Впрочем, глагол «думать» в данном случае слишком жгуч. Головной мозг Уварова представлял собою как бы мичуринскую делянку: никаких сеянцев, только саженцы; на кожуре идеи-подвоя делается Т-образный надрез, в него вставляется черенок идеи-привоя; туго обвязать — и рано или поздно околотишь гибрид; это значительно надёжней, чем ждать милостей от природы. Оба раздела программы Застоя — внутри- и геополитический — опирались на последние достижения взвешенной отечественной мысли.

Первый — на тезис А. Х. Бенкендорфа: дабы избежать великих, как во Франции, потрясений, следите за IQ: в среднем по стране он должен быть всегда ниже, чем у самого бездарного руководства. Дословно:

«С самой смерти Людовика XIV французская нация, более испорченная, чем образованная, опередила своих королей в намерениях и потребности улучшений и перемен; не слабые Бурбоны шли во главе народа, а он сам влачил их за собой; Россию наиболее ограждает от бедствий революции то обстоятельство, что у нас со времён Петра Великого всегда впереди нации стояли её монархи; но по этому самому (а? каковы цинизм и дерзость: располагая лишь теми способностями, какие есть, — и это в аналитической записке на имя нац. лидера!) не должно слишком торопиться с просвещением, чтобы народ не стал по кругу своих понятий в уровень с монархами и не посягнул бы тогда на ослабление их власти».

Отсюда теория и практика сдерживающего образования.
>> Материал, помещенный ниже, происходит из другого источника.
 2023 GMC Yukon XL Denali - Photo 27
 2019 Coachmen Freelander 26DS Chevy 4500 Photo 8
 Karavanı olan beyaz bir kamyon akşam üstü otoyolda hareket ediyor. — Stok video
Худшее, что можно сказать про любого нежелательного: хочет быть (или: думает, что он) умнее всех. Это — волчий билет. (А комсомольский — на стол! И совету пионерского отряда поставить на вид: просмотрели, упустили товарища.)
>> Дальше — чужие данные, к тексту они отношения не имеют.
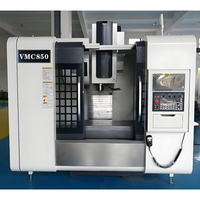 Centre d'usinage CNC populaire VMC650/850 de Taiwan petite fraiseuse automatique système Fanuc BT40/50 pour le traitement des métaux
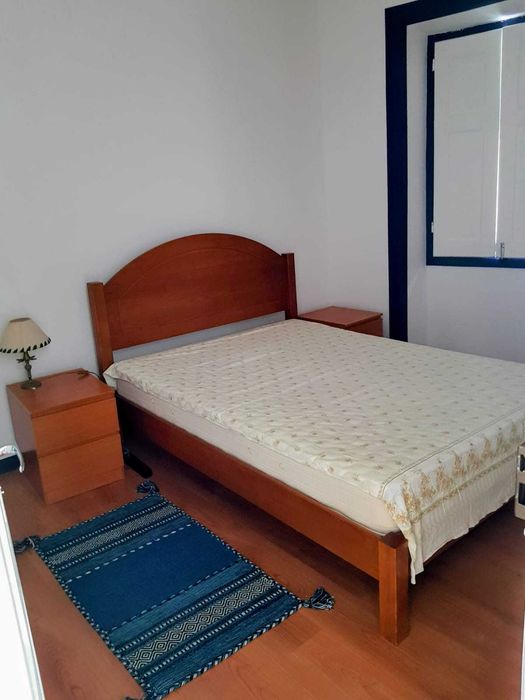Cama em madeira cerejeira maciça, com 2 mesas de cabeceira folhadas a cerejeira e colchão ortopédico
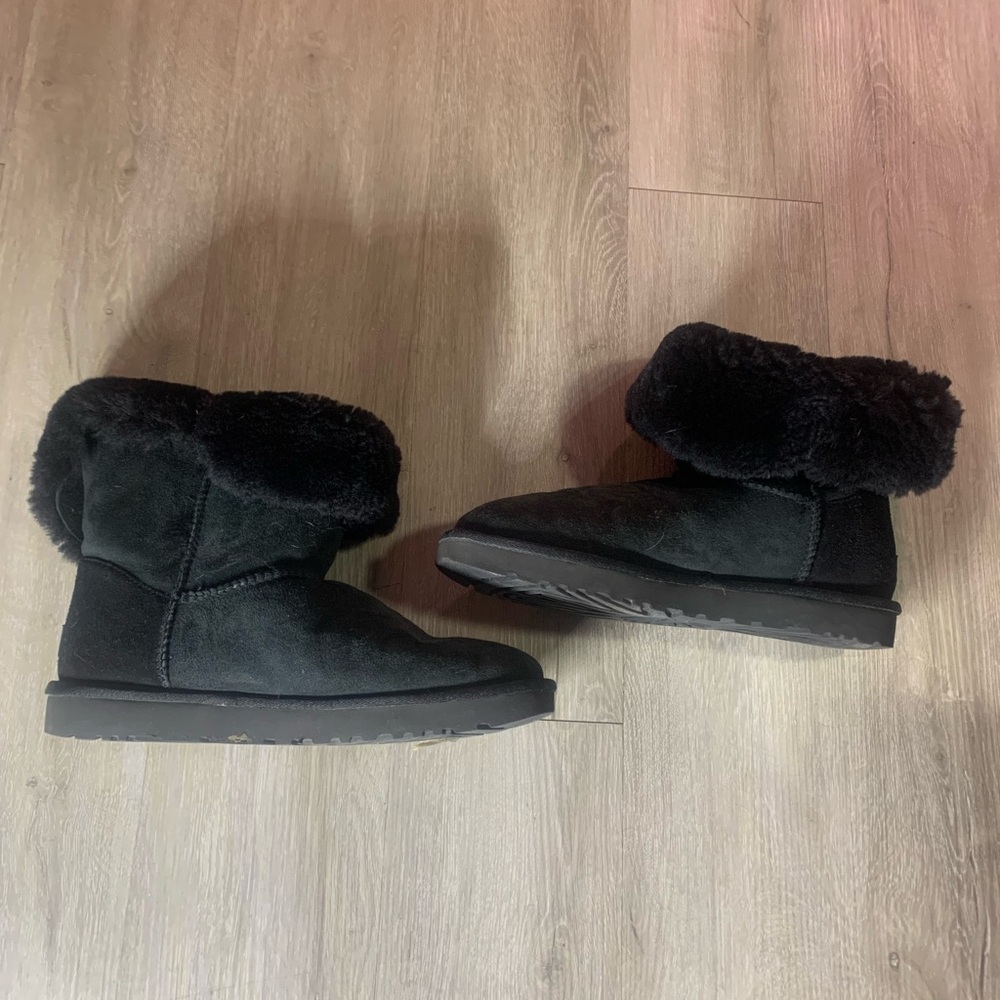 uggs Classic short Black boots Size 11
Соответственно, геополитическую концепцию (решающий этап, железный занавес, всемирно-историческая роль, светлое будущее на руинах побеждённого Запада) Уваров, по-видимому, извлёк из коллективного бессознательного образованщины; или просто украл из статьи Николая Надеждина в журнале «Телескоп» (1832, № 1):

«Род человеческий, уже дважды живший и отживший полную жизнь мужества, по всем приметам вступает ныне в третий период существования. И никак невозможно подавить в себе тайной приятной уверенности, что святая мать Русь, дщерь и представительница великого славянского племени, назначается манием неисповедимого Промысла разыгрывать первую роль в новом действии великой драмы судеб человеческих; и что, может быть, она будет для времён грядущих тем же, чем некогда были пелазги для классического мира и тевтоны для мира романтического… Если Россия обратится к сокровищам обоих миров, кои суждено пережить ей, и, набогатившись их неистощимым богатством, воспрянет к живой и бодрой самодеятельности: тогда на что дерзнуть, чего достигнуть не возможет?»

(Скучно? А я предупреждал: это трактат. То есть действуют не фигуры, а тексты.)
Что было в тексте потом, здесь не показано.